### Input data
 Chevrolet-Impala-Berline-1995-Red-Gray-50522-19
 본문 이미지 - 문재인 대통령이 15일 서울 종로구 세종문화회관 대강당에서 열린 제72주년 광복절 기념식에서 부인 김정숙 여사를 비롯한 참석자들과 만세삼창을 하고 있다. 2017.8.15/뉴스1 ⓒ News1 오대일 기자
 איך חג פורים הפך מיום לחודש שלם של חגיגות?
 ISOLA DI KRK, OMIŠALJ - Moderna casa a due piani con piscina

* * *

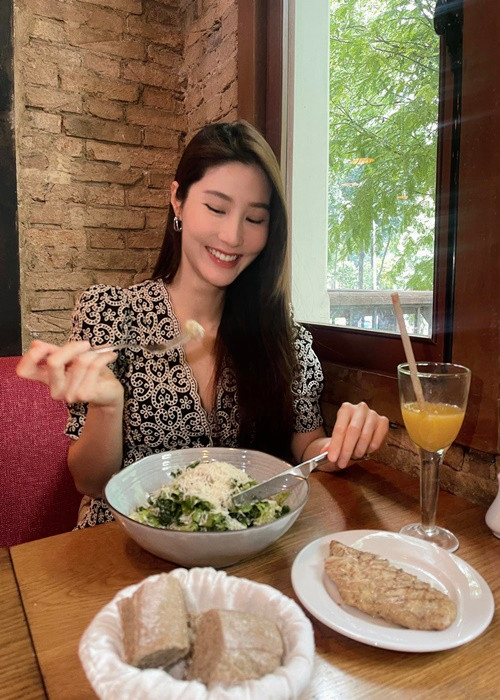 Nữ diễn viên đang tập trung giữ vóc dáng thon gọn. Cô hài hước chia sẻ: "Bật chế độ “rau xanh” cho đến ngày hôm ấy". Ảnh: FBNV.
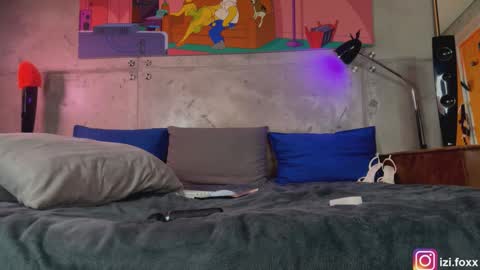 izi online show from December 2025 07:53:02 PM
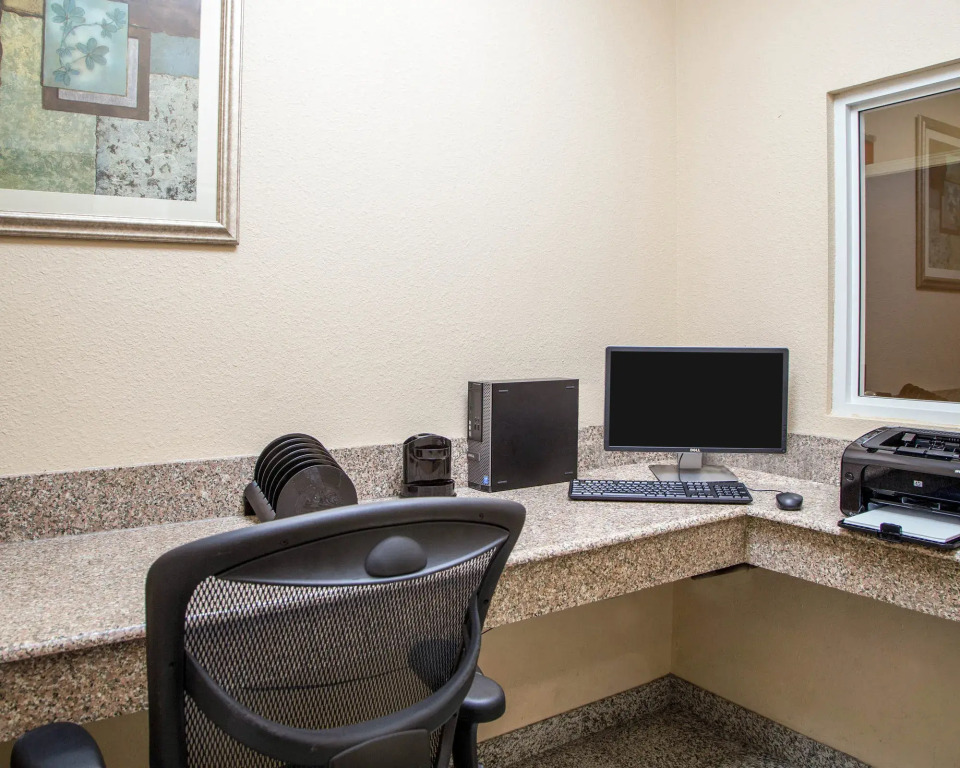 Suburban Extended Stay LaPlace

### Task directions
From the records above, print exactly the lines that run from the line with "איך חג פורים הפך מיום לחודש שלם של חגיגות?" to the line with "ISOLA DI KRK, OMIŠALJ", inclusive.

### Solution for this task
 איך חג פורים הפך מיום לחודש שלם של חגיגות?
 ISOLA DI KRK, OMIŠALJ - Moderna casa a due piani con piscina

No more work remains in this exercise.